In preparing a response to any emergency be it fire, natural disaster, or man-made, you should have an Emergency Response Plan (ERP). Ideally, if you carry a firearm as part of your job, your ERP should be in writing. In any first aid situation that may involve a firearm, the “ACR” acronym provides you with a basic plan for addressing the situation:
A (Arrive, Assess, Approach)
C (Confirm, Call, Control)
Arrive: at the scene and locate the victim(s)
Assess: Is the scene safe, what is the threat level. Use cover and concealment tactics and know where the exits are located.
Approach: Slowly approach the victim. Are they armed? Do you move the victim or aid in place? If you move them, you must know how to use established methods to prevent further injury. For example, drag, wheelbarrow, two-person carry, assisted walking, to name a few.
Confirm: if there is an injury, you must call EMS; this is required by law! Make the call yourself or direct bystanders to do it, then confirm it is done. Maintain your calm and reassure the victim.
Control the Scene: Get consent from the victim if they are conscious. Decide if you will render aid or if you can elicit the help of bystanders. If you render aid, someone else may have to direct the rescue or you may have to do both. If others render aid, assume control of the scene and direct the rescue. Pay specific attention to assigning someone to call EMS and ensure someone will go meet EMS when they arrive and bring them to the victim. If waiting for transport is not viable, you may have to use bystanders to get a vehicle to transport the victim to proper medical care.
Render Aid: Before rendering aid, don your protective equipment (gloves, safety goggles, etc.). This can be done while you are ensuring scene safety and asking for consent from a conscious victim.
Basics of Ballistic Wounds
To treat a gunshot wound it is beneficial to understand what damage bullets do to human tissue. The extent of injury from a bullet is due to:
• The mechanical shredding and crushing of tissue by the bullet as it perforates the tissue.
• Shearing, compression, and stretching injuries to the tissue due to temporary cavity formation.

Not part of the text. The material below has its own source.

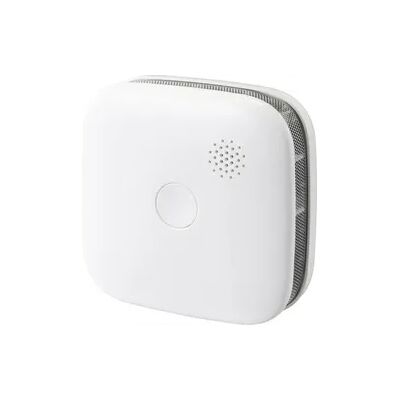 Sygonix SY-5040174 Funkrauchwarnmelder - 5 Jahre Batterie Sygonix SY-5040174 Funkrauchwarnmelder - 5 Jahre Batterie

• Secondary injuries due to breakup of the bullet.
The expanding walls of the temporary cavity can cause severe damage. There is compression, stretching, and shearing of the displaced tissue. Injuries to blood vessels, nerves, or organs not struck by the bullet, and at a distance from the path, can occur, as can bone fractures, (rarely). Maximum expansion of the cavity does not occur until after the bullet has passed through the target.
Handgun bullets produce a direct path of destruction with less damage to surrounding tissues (small temporary cavity) than does a rifle bullet. Centerfire rifle bullets cause destruction via crushed and shredded tissue generated by the bullet perforating tissue, the effects of the temporary cavity on tissue adjacent to the bullet path (shearing, compression, and stretching) and secondary injuries due to fragmentation of the bullet.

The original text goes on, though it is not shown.